There are so many of them in the world, and sometimes
we get caught in the crossfire
left to bleed out-
One should never bleed out alone, one
should have another heart, of matching intensity

to share the weight of all of our deepest bullets,
and you found mine
and did the bravest thing you could, even
if it was the only thing you knew how to do
or, more likely,
that nothing else was anything you possibly could do-
and you said, "you're beautiful when you cry."
you're beautiful when you cry.

-XOXO,




(for my favorite donkey)

Wednesday, October 5, 2011

Hopes Of Humpbacks

(Pre-Script: This poem is meant to be read as the song, "Arms," #34 on the playlist, plays in the background. Go down to the playlist, click on that song, then come back and resume reading. I'll wait...)(...still waiting...)


On this much sand,

you stood;

the solid thing,

so I held on.
In front of us,

dolphins dove deep

our focus was the

horizon, our hopes of humpbacks.

Waves washed our feet til
i forgot or remembered or both
that the crashing in need not feel so tragic,
the shattering so sharp and jagged-
we'd followed the shell line to here this far;
my colored glass hid in your pocket.

-XOXO




Sunday, October 2, 2011

Cathedrals in my heart

(Pre-Script: This post, once again, should be read as the song, "Every teardrop is a waterfall" plays in the background. Go down to the playlist, click on that song, then come back and resume reading. I'll wait...)(...still waiting...)


I was looking at a picture of a cathedral somewhere in France. It was intimidating to look at, tall and looming like a nightmare or a question I have yet to answer. It was built with careful attention to detail, which took a lot of time, skilled craftsmen, industrial equipment. Some people build these kinds of things naturally, or almost naturally, and they go to classes to learn the part that does not come naturally to them. They spend years perfecting the engineering science behind the craft.
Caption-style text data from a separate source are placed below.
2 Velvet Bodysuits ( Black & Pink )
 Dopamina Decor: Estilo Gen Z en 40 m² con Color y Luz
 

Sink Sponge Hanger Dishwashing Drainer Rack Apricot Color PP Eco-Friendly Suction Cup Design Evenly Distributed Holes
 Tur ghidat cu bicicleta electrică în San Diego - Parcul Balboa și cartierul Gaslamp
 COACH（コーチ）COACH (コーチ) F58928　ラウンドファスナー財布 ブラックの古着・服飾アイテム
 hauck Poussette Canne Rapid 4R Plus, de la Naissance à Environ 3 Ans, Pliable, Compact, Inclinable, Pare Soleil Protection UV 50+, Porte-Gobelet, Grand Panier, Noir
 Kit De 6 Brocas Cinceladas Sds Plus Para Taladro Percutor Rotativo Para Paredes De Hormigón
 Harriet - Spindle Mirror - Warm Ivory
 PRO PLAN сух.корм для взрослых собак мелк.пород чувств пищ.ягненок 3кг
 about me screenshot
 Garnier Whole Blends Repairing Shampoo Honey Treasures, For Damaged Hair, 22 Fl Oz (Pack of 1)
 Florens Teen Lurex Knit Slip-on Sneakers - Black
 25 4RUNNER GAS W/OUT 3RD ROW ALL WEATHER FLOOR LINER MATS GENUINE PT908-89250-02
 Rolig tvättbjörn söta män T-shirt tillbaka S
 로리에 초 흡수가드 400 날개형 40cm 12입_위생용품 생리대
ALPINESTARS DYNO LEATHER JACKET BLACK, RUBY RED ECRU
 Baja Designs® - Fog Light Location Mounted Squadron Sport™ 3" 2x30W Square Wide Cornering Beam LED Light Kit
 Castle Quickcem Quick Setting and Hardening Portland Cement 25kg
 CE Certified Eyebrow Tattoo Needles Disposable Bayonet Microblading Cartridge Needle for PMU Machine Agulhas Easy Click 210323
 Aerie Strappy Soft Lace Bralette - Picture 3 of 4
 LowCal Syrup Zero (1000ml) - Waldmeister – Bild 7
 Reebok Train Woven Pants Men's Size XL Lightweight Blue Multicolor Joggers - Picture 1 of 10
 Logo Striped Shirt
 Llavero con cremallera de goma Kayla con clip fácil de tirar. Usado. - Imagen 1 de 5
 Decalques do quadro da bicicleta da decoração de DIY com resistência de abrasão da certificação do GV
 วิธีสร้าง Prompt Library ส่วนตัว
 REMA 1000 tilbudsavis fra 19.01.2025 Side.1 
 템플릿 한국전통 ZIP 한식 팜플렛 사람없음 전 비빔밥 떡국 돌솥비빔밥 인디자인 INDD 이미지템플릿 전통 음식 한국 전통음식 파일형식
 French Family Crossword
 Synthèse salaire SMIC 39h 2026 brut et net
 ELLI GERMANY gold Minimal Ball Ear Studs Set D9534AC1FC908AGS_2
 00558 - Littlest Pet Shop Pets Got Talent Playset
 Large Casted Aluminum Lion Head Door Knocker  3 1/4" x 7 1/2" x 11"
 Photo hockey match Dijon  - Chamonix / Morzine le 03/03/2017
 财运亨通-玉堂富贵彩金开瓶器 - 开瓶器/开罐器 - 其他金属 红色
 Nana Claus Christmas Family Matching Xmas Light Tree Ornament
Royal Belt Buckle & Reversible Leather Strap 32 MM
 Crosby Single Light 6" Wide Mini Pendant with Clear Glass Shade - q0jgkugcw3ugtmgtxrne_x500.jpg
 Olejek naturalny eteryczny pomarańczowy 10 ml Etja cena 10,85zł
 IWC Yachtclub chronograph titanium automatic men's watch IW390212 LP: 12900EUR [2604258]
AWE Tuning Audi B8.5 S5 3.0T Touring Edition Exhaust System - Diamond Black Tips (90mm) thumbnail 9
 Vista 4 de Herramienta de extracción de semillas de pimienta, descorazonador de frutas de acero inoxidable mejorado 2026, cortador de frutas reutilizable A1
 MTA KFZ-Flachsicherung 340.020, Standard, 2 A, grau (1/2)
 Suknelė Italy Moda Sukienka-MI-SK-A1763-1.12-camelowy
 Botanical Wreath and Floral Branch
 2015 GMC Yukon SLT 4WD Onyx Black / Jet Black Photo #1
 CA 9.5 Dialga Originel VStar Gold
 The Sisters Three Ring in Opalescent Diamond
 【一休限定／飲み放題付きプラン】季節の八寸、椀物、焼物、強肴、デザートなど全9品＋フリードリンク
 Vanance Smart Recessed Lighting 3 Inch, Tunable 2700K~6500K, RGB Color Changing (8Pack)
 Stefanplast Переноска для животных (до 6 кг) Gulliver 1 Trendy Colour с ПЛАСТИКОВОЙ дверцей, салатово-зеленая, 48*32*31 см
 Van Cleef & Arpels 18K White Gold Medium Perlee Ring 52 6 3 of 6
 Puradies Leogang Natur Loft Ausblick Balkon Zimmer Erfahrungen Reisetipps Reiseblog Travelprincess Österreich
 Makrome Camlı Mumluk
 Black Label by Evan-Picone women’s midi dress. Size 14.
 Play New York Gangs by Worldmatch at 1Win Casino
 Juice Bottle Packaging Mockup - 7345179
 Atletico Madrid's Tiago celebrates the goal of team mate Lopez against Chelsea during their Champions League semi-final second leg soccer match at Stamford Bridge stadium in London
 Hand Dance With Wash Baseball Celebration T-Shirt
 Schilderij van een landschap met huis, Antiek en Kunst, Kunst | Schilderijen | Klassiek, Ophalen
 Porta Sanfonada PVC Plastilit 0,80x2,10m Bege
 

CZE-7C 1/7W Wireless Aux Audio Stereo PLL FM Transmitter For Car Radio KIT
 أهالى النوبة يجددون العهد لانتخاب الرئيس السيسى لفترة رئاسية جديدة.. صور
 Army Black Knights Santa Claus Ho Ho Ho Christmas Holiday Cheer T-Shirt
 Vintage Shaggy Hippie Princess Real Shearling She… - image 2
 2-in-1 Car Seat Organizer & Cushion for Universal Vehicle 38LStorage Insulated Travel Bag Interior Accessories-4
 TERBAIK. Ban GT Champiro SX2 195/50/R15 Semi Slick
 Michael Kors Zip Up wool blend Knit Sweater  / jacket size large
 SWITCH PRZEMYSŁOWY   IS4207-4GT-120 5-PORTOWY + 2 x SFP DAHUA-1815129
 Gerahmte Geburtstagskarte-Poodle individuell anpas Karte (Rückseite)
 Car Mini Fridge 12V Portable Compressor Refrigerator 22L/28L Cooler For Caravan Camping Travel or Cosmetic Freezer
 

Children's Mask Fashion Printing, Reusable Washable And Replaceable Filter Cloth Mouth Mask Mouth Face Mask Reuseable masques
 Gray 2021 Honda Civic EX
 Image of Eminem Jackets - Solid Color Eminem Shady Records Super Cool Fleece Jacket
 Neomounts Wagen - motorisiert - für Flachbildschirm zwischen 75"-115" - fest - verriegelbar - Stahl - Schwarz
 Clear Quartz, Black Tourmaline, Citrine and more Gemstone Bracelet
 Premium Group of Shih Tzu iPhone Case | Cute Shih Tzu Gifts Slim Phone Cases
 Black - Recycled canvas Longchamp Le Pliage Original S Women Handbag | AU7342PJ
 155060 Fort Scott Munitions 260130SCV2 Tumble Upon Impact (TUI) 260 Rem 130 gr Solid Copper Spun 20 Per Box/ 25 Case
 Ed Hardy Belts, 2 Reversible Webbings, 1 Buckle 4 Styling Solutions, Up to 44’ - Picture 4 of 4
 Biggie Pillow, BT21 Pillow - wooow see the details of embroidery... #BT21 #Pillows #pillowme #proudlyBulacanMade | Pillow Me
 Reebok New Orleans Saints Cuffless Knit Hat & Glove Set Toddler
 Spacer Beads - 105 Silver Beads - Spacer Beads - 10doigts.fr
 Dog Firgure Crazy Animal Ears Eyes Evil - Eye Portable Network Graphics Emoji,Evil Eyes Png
But I am not the kind of girl who has any large stones or stained glass lying around, or power tools, or even any particular skills. I don't even own a hammer. I am the kind of girl who gets distracted by the glue drying on my hands from where I was building a Popsicle stick house, of the "design-as-I-go" variety. At some point, my fingers get too glue sticky to finish the project, so I am distracted peeling long layers of glue off of my hands; it now has my hand prints imprinted in it; if you didn't know it was glue, you might think I was peeling off my own leprosy. This is like an interesting form of such soothing therapy that I don't even notice that my Popsicle sticks have fallen over, into a sticky shapeless mess that you would never know I had spent any time focusing on arranging.


Things crumble around me.


I do not take it personally,


though maybe I should


pay a little more attention.


Instead, I peel skin glue,


but what I really want is the cathedral,


the answer to my own question,


and a choir inside, singing in perfect pitch so that anyone traveling past will stop and marvel at the echoes enlarging it's magnificence.
This year, maybe I'll ask for a hammer for Christmas. Maybe I'll ask for some plaster of Paris.